FRLT Member Featured on NPR's Radio Lab
Remember a couple of years ago when FRLT member Dr. Linda Cayot and FRLT Executive Director Paul Hardy did that traveling lecture series about Conservation and Biodiversity in Galapagos and the Feather River Watershed? It was fascinating!
You'll hear Linda in the first two segments help tell the story of "just how far humans will go to protect something" and "just how far humans will go to try to bring back something that's been lost":
"Galapagos" immerses you in what it might be like to first set foot on the Galapagos through the eyes of Linda as a young research assistant and later as a lead researcher, as she helps tell the story of an ambitious and controversial effort to protect native species' habitat.
"Resurrection" tells the story of a 40-year effort to try bring something (in this case the Pinta tortoise) back from the brink of extinction. Linda was a research scientist and "match-maker" for the famous last remaining Pinta tortoise, "Lonesome George."
If you've never listened to Radio Lab, you are in for a treat. It is quirky, informative, often funny, and dramatic story-telling.
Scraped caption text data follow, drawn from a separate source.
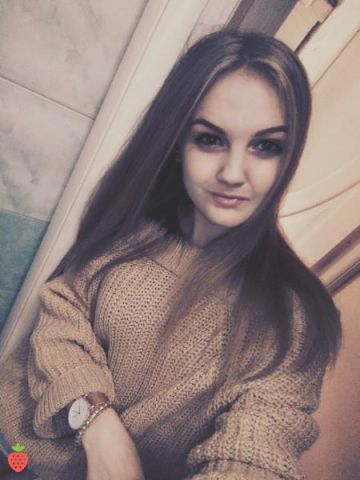 Елена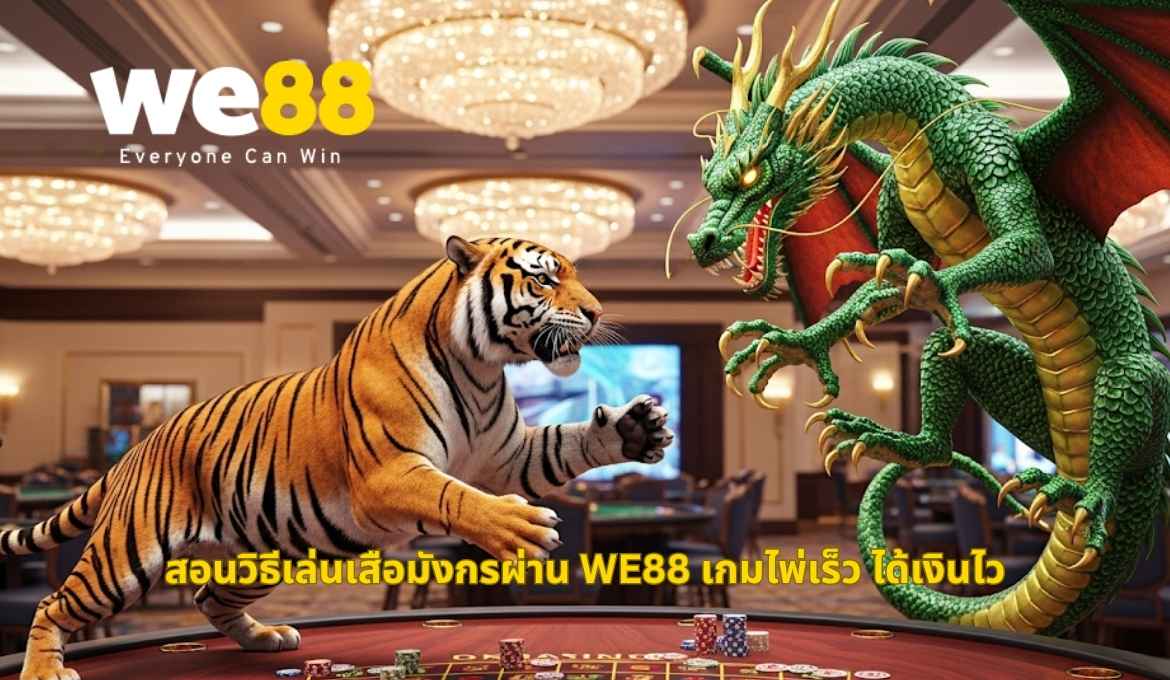 วิธีเล่นเสือมังกร เกมไพ่ที่เร็วที่สุดในคาสิโน WE88
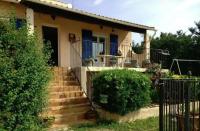 Villa entre Nîmes et le Pont du Gard - B&B Bezouce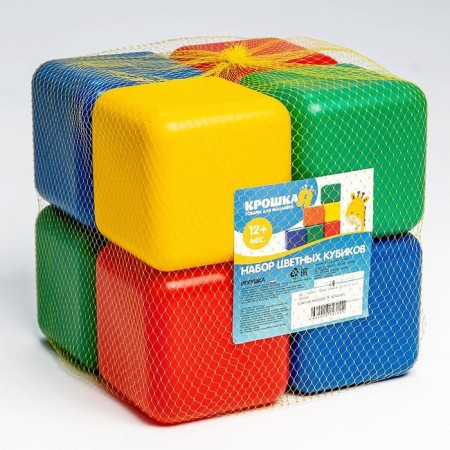 Set of colored cubes, 8 pieces, 12 x 12 cm-6
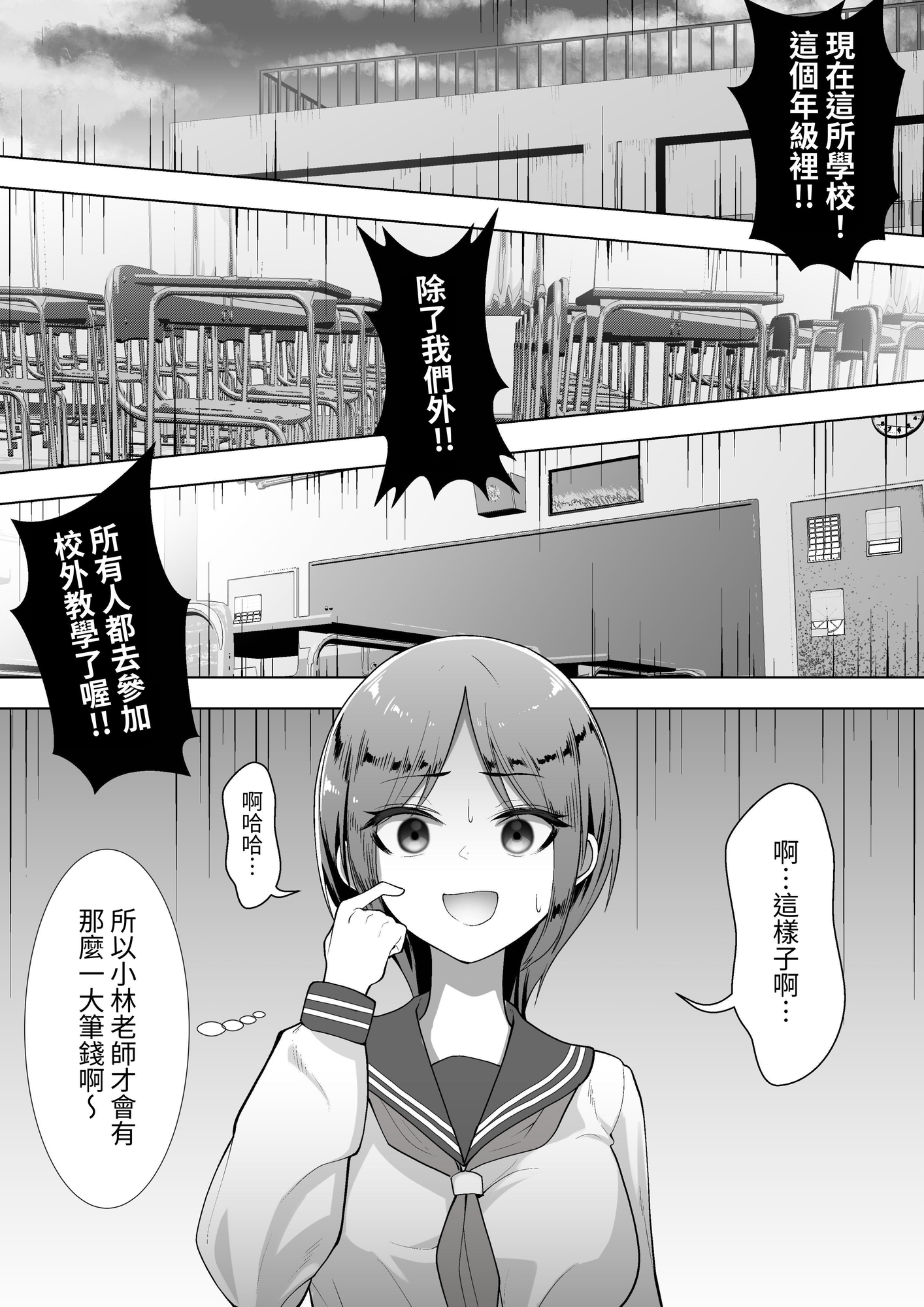 【繁体中文版】リリカの実験
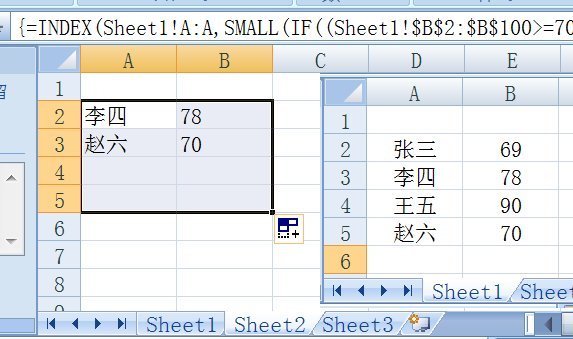 计算机二级成绩什么时间出 计算机二级成绩查询时间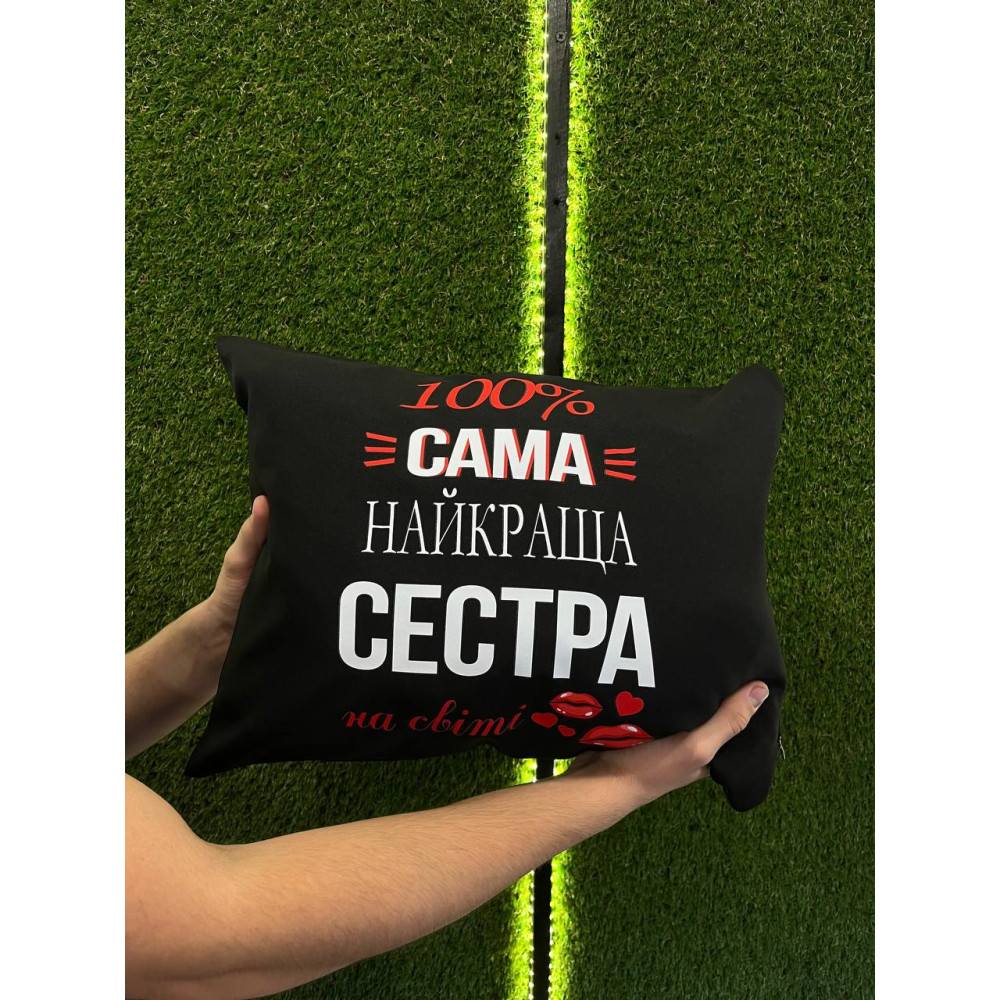 Подушка с принтом габардиновая Самая лучшая сестра, черная 35х45 (2062) Подушка с принтом габардиновая Самая лучшая сестра, черная 35х45 (2062)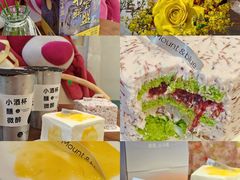 -山与蓝·轻糖鲜果蛋糕(勒泰店)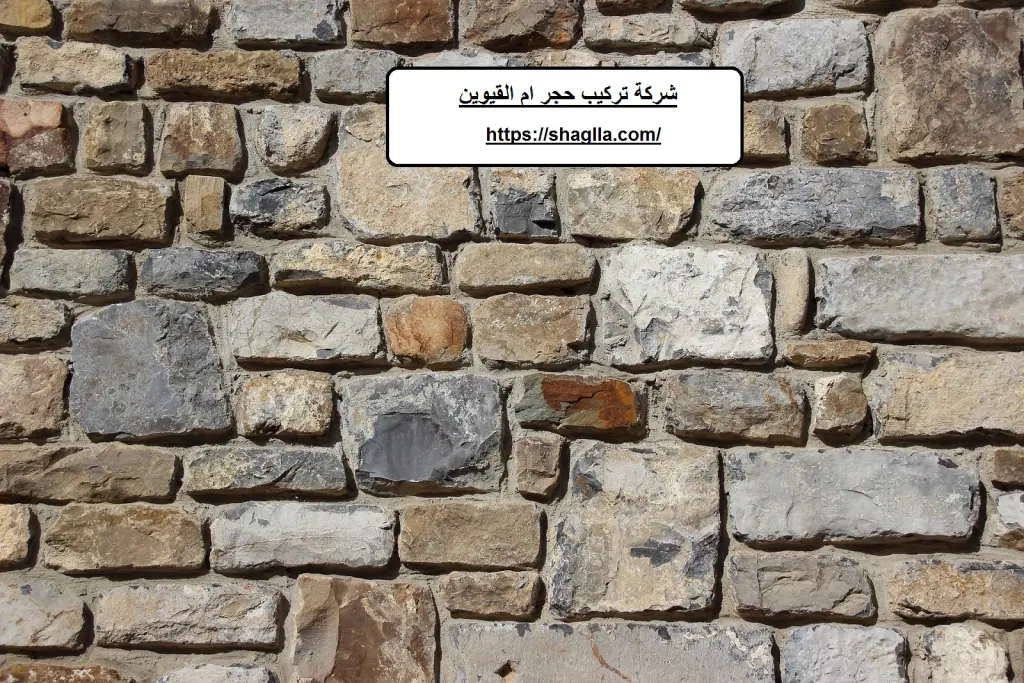 شركة تركيب حجر ام القيوين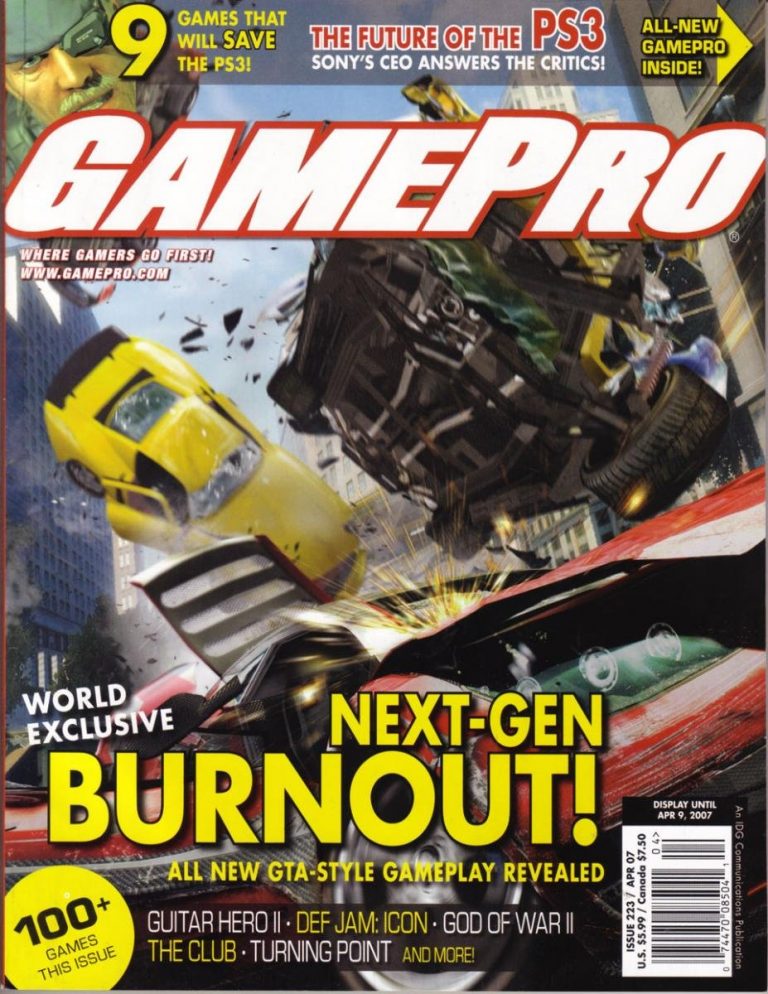 GamePro #223 (2007)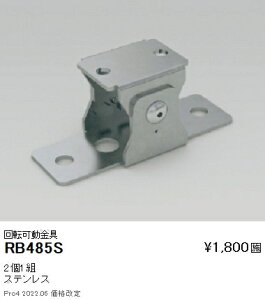 RB485S Ɩ IvV ]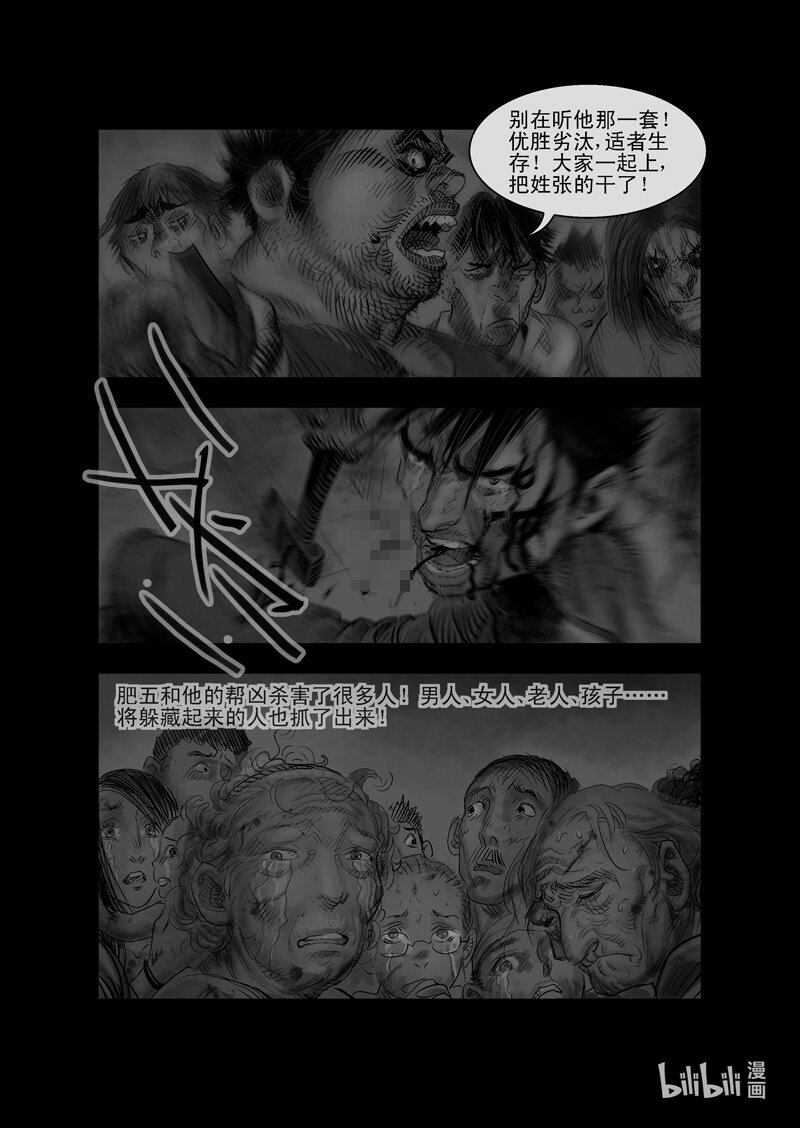 26 生路-完6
Check it out.
Linda first traveled to Galapagos in 1981 to study giant tortoises for her PhD and has remained involved in the islands ever since. Working for the Charles Darwin Research Station from 1988 to 1998, she supervised the tortoise and land iguana breeding centers, including the care of "Lonesome George," the last of the Pinta Island Tortoises.
She is currently Science Advisor to Galapagos Conservancy, a nonprofit US organization dedicated to the long-term protection of the Galapagos Islands. Linda also serves on the Feather River Land Trust's Fund Development Committee.